2017 CPA Exam Game Plan

Before you dive into your CPA Exam studies, you need to strategize your plan to pass! Gear up for the new, more challenging CPA Exam with this 24-minute video in which Roger Philipp, CPA, CGMA, helps you create your CPA Exam Game Plan.

Get your game face on and watch this quick video, which includes:

  • Ways the new CPA Exam structure will affect your studies
  • How to approach the exam, whether you are a new or seasoned candidate
  • The #1 thing you need to focus on to pass this difficult exam
  • Roger Philipp, CPA, CGMA presents:
    CPA Exam Game Plan

    Hello, and welcome. My name is Roger Philipp of Roger CPA Review. Today we're gonna talk about the CPA Exam Game Plan, how to officially and effectively pass the CPA exam. We're gonna look at the roadmap to success, and there are several steps to accomplishing your goal.

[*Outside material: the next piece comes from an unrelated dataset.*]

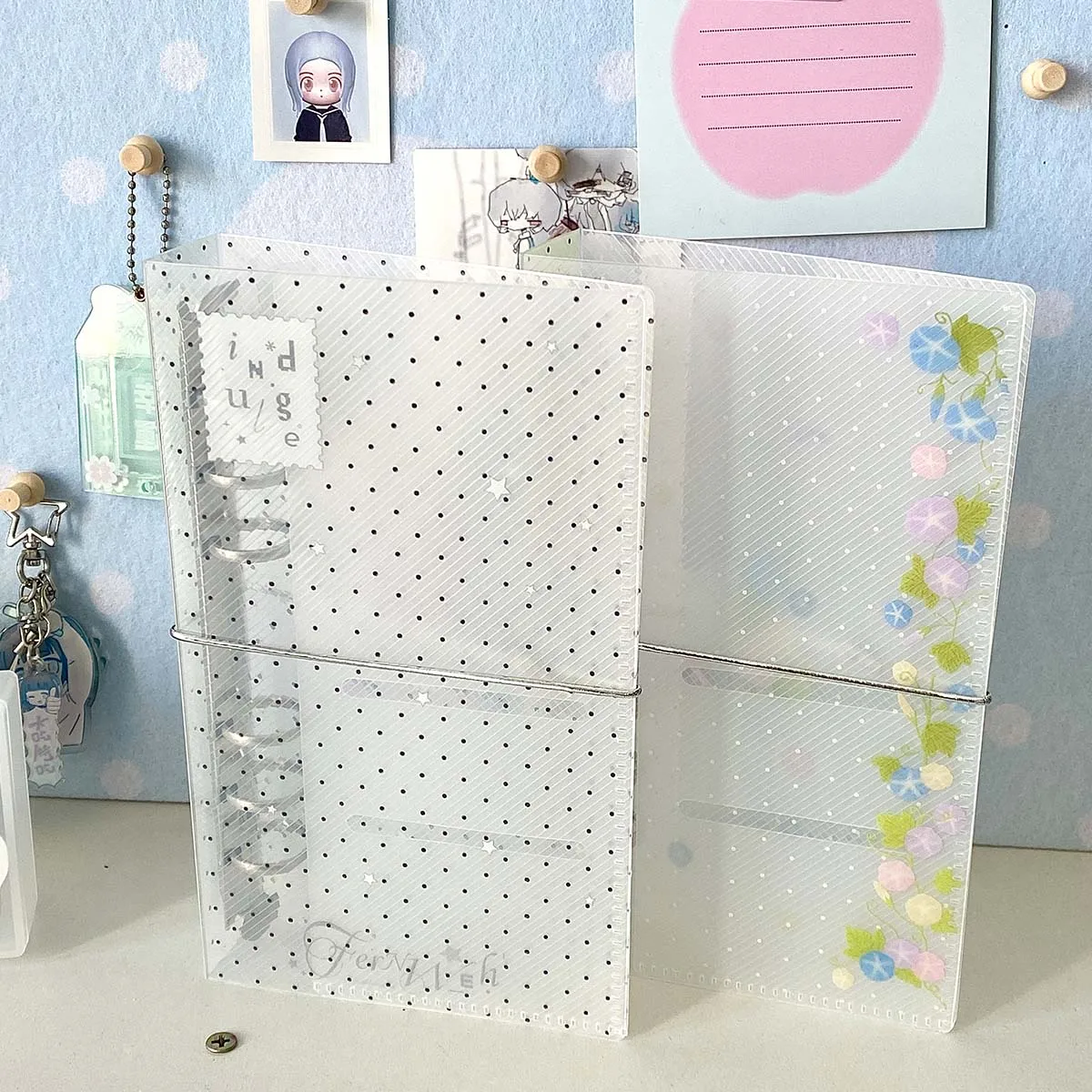 

Блокнот-планер A6 в горошек с текстурой твила, минималистичный дизайн со звездами, эстетичный ежедневник для офиса и школы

    Step one, plan your CPA exam journey. Step two, learn the CPA exam structure. Step three, focus on higher order skills. And step four, apply for the CPA exam.

    Now step one, plan your CPA exam journey. And I guess the first thing you need to do is say, okay, what is my situation? Who are you? Are you a first-time candidate, someone who's never sat for the exam before? Or you've already passed a part or you're a seasoned candidate where maybe you've studied quite a bit and haven't passed, or you're on your way to passing all four parts.

    For the first-time candidate, the strategy is to sit down and say, okay, what order should I sit for the exam in? Now there's different schools of thought. FAR generally takes the longest time to prepare for, and it has the most amount of material. So we recommend starting with FAR first.

    Then between REG and Audit, I would say if you're just graduating school or just got out of school and you had an amazing tax teacher or an amazing audit teacher and you feel like, hey, I feel pretty comfortable with that, then you may wanna start with Audit or with REG depending on that.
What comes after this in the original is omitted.